La política económico-social neo-conservadora hace pobres y desempleados y, con el asistencialismo, les hace creer que los "ayuda".

Así, lo que a las personas les corresponde como "derecho" parece que ahora lo tienen que agradecer como si fuese un "favor".

Asimismo, en el caso de los ricos se presenta la pobreza como "amenaza" a la riqueza y no como oportunidad económica para el conjunto de la sociedad para desarrollarse y crecer, generando así la beneficencia de los ricos, basada en una actitud carente de una cultura de cooperación en donde se promueva la reciprocidad y la solidaridad como valores sociales relevantes.

Se produce aquí una doble amoralidad: la del pobre que se siente obligado a "la gratitud" y la del rico que se siente "generoso".

El asistencialismo es también una política social que ignora la idea de derechos sociales y evade la construcción de ciudadanía.

Es apropiado recordar aquí los comentarios de Marshall (1992) sobre la Ley de Pobres en la Inglaterra del siglo XIX, en la cual las demandas de los pobres eran respondidas no como parte de sus derechos como miembros plenos de una comunidad, esto es, como ciudadanos, sino como una vía "alternativa" a los derechos sociales. En el presente, la mayoría de las acciones sociales implementadas en América Latina para "contener" la pobreza parecieran ser masivos programas de caridad administrados desde el Estado. Programas que se concentran en luchar contra los "efectos" de la pobreza y no en sus "causas" verdaderas.

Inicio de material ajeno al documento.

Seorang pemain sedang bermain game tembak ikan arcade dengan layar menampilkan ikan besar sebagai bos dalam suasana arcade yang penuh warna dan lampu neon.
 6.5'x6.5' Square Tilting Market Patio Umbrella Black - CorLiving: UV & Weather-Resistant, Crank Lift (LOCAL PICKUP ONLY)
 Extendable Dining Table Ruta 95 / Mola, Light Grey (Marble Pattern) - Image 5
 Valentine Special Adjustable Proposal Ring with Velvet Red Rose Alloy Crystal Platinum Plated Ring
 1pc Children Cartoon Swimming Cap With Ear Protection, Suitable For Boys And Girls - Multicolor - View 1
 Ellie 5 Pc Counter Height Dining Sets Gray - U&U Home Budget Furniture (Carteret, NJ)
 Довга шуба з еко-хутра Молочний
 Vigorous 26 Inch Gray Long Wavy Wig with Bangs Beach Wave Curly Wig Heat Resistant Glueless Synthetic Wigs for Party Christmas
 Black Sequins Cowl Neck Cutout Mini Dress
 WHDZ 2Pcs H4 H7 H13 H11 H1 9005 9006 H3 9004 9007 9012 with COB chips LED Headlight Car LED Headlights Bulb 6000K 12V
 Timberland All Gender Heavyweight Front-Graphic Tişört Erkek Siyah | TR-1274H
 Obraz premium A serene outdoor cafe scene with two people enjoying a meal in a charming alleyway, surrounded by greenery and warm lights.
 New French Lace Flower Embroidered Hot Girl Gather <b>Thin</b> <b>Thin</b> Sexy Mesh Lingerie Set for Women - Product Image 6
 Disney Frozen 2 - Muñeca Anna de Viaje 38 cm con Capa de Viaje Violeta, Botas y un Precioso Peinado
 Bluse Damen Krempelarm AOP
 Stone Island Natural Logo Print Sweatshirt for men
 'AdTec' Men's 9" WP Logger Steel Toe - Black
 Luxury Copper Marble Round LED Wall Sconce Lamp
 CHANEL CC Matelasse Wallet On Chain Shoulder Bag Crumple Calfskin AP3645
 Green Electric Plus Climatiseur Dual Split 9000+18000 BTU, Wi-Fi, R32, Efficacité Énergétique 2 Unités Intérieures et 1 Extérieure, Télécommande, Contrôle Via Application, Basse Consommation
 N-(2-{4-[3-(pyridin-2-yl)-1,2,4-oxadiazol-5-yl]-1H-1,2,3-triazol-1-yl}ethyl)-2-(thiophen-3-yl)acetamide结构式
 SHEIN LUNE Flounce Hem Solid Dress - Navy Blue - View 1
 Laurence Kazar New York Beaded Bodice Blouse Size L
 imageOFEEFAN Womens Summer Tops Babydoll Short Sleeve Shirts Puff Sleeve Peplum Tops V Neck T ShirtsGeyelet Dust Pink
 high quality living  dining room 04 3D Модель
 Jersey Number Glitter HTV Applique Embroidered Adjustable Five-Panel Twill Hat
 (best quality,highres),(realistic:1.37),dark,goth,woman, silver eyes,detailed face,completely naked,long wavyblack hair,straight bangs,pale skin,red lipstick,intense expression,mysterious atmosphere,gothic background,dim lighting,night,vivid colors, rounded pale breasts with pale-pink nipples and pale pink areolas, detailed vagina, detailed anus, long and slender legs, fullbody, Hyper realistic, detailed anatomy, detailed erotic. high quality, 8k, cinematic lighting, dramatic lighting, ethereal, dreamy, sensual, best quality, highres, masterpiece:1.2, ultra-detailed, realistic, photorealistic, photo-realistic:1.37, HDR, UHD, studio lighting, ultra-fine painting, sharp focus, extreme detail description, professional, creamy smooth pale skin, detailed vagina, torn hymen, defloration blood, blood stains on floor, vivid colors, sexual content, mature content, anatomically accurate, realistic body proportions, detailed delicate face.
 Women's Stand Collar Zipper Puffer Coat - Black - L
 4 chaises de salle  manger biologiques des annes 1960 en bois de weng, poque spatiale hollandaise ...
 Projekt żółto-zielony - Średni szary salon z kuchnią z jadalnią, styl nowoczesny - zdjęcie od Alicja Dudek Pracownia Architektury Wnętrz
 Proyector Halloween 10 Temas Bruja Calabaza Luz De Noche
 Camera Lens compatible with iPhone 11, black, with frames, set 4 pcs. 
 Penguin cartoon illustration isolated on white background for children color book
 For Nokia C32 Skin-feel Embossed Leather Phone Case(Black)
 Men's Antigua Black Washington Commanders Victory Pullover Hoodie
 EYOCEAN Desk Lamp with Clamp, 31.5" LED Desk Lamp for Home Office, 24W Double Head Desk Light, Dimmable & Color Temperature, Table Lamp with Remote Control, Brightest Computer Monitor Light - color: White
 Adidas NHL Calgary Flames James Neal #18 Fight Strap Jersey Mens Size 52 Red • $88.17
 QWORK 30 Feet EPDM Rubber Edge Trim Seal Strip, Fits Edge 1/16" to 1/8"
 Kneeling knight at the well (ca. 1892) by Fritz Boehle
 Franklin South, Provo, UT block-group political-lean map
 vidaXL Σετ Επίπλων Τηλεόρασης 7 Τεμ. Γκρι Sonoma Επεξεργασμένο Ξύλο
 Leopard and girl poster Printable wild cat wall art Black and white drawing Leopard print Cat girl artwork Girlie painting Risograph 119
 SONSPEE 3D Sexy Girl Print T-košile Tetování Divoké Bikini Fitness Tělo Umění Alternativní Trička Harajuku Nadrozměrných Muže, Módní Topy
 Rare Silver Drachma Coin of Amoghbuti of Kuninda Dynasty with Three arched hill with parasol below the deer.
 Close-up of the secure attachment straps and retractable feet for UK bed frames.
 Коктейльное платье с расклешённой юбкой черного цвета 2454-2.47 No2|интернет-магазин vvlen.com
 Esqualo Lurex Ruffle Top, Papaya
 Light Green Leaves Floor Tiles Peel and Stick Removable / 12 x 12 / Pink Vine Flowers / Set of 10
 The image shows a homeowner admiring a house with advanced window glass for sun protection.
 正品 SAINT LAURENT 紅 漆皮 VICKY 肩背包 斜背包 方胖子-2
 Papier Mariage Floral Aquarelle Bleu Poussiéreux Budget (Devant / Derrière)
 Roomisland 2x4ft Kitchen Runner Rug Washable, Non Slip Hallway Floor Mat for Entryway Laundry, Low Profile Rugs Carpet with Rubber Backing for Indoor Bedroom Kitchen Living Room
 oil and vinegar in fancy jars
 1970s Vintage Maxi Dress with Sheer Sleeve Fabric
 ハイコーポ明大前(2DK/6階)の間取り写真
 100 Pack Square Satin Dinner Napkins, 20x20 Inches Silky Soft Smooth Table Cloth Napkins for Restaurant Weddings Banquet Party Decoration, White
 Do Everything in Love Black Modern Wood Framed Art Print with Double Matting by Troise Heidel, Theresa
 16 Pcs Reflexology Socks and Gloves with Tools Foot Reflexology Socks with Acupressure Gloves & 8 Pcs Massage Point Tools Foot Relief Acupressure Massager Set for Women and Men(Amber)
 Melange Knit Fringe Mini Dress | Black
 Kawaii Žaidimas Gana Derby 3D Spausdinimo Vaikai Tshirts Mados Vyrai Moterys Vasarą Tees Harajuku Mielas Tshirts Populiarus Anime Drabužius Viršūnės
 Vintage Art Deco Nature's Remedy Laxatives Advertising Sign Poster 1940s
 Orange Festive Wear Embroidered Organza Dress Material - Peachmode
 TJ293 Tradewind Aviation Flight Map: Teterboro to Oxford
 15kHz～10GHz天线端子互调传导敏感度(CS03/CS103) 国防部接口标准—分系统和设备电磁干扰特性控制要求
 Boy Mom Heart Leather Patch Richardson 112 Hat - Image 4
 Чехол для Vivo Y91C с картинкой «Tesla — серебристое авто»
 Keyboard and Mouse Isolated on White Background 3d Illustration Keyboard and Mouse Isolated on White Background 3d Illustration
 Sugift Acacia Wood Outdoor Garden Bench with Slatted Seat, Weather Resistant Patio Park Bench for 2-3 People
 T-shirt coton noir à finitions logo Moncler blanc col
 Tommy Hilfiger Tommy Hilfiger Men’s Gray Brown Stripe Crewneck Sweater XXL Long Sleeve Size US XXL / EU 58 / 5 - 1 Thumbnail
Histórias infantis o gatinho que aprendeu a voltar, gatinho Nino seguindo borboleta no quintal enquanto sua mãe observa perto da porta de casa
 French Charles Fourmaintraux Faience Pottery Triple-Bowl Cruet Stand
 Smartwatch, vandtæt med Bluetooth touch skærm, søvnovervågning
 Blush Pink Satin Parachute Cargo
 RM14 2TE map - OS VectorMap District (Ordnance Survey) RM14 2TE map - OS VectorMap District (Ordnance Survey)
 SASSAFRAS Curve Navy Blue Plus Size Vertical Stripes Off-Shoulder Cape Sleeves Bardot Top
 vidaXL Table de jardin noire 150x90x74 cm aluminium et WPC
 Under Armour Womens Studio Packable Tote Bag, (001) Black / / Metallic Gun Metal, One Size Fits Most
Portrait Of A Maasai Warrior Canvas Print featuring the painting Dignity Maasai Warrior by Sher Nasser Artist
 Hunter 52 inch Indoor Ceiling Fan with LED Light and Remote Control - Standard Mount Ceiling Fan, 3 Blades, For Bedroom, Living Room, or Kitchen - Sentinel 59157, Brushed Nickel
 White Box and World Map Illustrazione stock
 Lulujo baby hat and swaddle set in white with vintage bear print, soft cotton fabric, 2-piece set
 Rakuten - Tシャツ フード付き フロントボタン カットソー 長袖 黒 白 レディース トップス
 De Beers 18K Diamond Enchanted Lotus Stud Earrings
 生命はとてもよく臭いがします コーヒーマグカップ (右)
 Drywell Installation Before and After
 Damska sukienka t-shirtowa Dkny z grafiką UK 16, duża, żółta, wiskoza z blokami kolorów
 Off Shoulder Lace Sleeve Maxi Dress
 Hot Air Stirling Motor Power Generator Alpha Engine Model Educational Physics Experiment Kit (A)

Finalmente, otra dimensión perversa en la formulación de la idea de focalizar el gasto y las energías sociales en programas para combatir la pobreza, es "ocultar" la riqueza y el carácter concentrador de la política económico-social hegemónica. Como se sabe, el problema no es sólo de pobres: es de pobreza y riqueza; de las nuevas formas de pobreza y riqueza; de extremas disparidades; de exclusión económica y social. Porque el punto central de la agenda económica y social de América Latina no es la pobreza sino la justicia.

En todos los casos, la amoralidad aparece en el hecho de declarar una supuesta "voluntad" política que, se sabe, es inconducente para mejorar la justicia social en términos de lograr sociedades más igualitarias y disminuir así la dramática distancia económica que existe entre ricos y pobres.

La separación entre conocimiento y valores

Un punto sustantivo en la construcción de la amoralidad del discurso económico-social dominante, es la pretensión de su "cientificidad" supuestamente avalada por demostraciones derivadas de información empírica, de sofisticadas técnicas estadísticas y de una erudición sustentada en innumerables citas bibliográficas. Así, por ejemplo, para diseñar programas para "superar" la pobreza hay que analizarla primero y, sobre todo, medirla. Pero lo más característico de este enfoque sea quizás la separación entre valores y conocimiento como base para despolitizar el discurso y disolver la política, presentando así las propuestas como "científicamente" probadas y como derivadas de la "naturaleza" de las cosas. (9)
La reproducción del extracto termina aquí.